[Start of Attachment]

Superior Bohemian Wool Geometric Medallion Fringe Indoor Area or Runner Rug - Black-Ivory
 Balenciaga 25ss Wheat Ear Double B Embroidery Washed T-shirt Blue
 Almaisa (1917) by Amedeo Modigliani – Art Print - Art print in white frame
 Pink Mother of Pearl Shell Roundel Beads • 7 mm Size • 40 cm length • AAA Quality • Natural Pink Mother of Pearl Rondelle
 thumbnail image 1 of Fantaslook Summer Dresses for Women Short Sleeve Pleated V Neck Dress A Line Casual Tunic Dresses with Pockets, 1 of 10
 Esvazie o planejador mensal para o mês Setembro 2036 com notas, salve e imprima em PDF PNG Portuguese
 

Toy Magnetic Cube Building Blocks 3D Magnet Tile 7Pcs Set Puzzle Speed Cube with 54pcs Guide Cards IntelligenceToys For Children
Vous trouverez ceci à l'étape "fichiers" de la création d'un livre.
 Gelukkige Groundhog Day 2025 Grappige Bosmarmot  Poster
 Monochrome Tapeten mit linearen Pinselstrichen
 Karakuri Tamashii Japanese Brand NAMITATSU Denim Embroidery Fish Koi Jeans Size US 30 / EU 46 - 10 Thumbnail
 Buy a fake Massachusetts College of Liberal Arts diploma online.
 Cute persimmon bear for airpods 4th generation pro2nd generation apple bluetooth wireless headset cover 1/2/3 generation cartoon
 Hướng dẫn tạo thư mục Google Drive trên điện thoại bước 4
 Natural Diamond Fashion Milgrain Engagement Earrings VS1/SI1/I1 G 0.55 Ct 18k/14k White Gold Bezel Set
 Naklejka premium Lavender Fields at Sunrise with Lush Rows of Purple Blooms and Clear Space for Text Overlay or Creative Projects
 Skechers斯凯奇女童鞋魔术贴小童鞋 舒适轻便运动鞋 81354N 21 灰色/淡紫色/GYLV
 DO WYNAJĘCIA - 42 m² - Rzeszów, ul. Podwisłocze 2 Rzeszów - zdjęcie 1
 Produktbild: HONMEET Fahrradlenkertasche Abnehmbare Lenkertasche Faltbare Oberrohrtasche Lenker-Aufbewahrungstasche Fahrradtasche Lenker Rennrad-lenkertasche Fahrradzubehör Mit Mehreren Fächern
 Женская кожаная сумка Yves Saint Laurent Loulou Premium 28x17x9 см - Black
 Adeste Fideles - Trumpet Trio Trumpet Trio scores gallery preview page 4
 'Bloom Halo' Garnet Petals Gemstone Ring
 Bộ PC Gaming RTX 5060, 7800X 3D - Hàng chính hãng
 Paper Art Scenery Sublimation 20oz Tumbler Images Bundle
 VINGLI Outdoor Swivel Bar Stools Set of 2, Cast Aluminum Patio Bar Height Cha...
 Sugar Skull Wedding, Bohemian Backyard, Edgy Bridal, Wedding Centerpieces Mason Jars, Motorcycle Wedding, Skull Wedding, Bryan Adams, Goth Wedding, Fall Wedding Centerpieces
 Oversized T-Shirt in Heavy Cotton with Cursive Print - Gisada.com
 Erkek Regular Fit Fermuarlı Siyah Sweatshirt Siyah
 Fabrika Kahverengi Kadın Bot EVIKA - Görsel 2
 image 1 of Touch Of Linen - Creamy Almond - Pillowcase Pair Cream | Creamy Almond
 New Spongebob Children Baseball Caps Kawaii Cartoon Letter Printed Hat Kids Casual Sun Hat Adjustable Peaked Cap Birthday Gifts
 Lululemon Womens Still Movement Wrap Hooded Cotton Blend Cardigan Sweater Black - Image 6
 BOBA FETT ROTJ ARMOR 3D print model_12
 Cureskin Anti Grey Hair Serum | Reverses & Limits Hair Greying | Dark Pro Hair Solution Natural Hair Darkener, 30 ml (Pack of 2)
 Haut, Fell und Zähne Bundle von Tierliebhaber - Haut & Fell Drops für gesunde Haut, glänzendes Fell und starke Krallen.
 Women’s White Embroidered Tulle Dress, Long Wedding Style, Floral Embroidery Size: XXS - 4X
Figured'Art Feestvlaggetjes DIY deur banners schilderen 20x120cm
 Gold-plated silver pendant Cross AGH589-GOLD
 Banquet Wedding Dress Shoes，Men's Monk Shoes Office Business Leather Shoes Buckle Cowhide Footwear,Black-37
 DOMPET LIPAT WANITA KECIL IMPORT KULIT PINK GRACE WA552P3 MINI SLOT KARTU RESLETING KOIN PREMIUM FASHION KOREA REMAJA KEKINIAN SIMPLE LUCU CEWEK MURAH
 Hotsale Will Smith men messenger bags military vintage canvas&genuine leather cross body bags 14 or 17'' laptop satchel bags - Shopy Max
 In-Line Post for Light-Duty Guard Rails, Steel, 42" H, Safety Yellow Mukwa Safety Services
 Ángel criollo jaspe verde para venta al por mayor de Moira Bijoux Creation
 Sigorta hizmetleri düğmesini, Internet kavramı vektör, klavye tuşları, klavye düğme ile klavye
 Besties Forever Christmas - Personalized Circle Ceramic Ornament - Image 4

[End of Attachment]

▶ **YOUR OBJECTIVE**
Please copy only the lines between the first line of the entries and the line with "Pink Mother of Pearl Shell", keeping those two end lines as well, exactly as written.

▶ **EXERCISE RESPONSE**
Superior Bohemian Wool Geometric Medallion Fringe Indoor Area or Runner Rug - Black-Ivory
 Balenciaga 25ss Wheat Ear Double B Embroidery Washed T-shirt Blue
 Almaisa (1917) by Amedeo Modigliani – Art Print - Art print in white frame
 Pink Mother of Pearl Shell Roundel Beads • 7 mm Size • 40 cm length • AAA Quality • Natural Pink Mother of Pearl Rondelle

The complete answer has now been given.